Two sets of determinants are responsible for MENA’s failure thus far to reap the potentially large benefits of globalization. First is the configuration of political and geo-strategic circumstances that has regularly disrupted the region both with intra-regional conflict and with interference from foreign partners in its internal affairs, and has encouraged the hemorrhage of domestic resources—either to be spent on security and defense or to be transferred abroad by the private sector to escape endemic instability. Second is a combination of poorly designed and executed national economic and social policies. Except in three or four of the region’s twenty-two countries, economic management has been passive and crisis-driven, lacking a clear vision and related programs for achieving proclaimed goals such as productivity growth, job creation, and export diversification.

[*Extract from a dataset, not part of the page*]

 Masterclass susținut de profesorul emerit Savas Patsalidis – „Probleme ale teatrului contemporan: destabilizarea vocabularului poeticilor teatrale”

Despite their wealth of human and natural resources and rich cultural heritage, countries of the Middle East risk further impoverishment and isolation. Globalization poses enormous policy challenges for the region. The policies associated with past socialist regimes and centrally planned economies sorely need revision. Creating an enabling environment for private sector investment and exporting will help to achieve the growth that is needed to absorb the swelling tide of job-seekers. But adjustment is a difficult process, given the embeddedness of certain policies, institutional arrangements, and norms. Revisiting the role of the state in MENA is imperative in the new global context. At the same time, a delicate balance should be achieved between those policies that aim at integrating the region into the world and those that are needed to maximize its development potential.

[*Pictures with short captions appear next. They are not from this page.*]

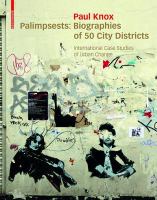 Palimpsests biographies of 50 city districts : international case studies of urban change /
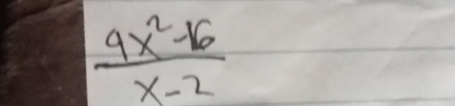  (9x^2-16)/x-2 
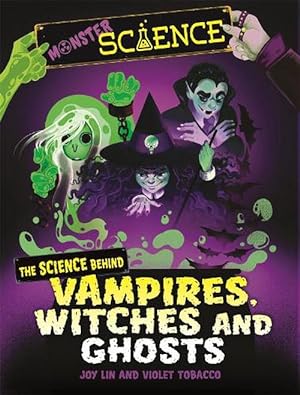 Seller image for Monster Science: The Science Behind Vampires, Witches and Ghosts (Hardcover) for sale by Grand Eagle Retail
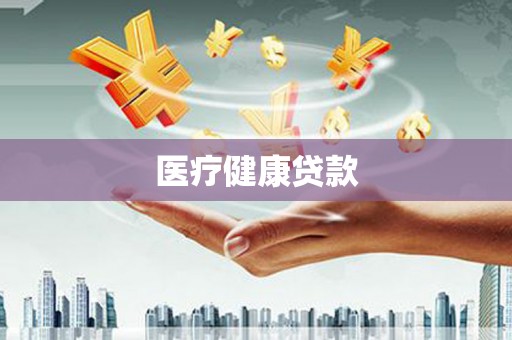 新建医疗健康贷款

The region will make no real progress on the development plane while it lives in constant turmoil, the root of which is humiliation and threats to the identity and future of an entire generation of young Arabs. Globalization should mean widening the scope of human choice and the full exercise of human rights. The Middle East, more than any region in the world, needs a fair arbitrator in the global political arena, along with the provision of all other public goods. When the international community can deliver respect for the rights of individuals to security in their own homes, citizens of the region can better demand democracy from their leaders.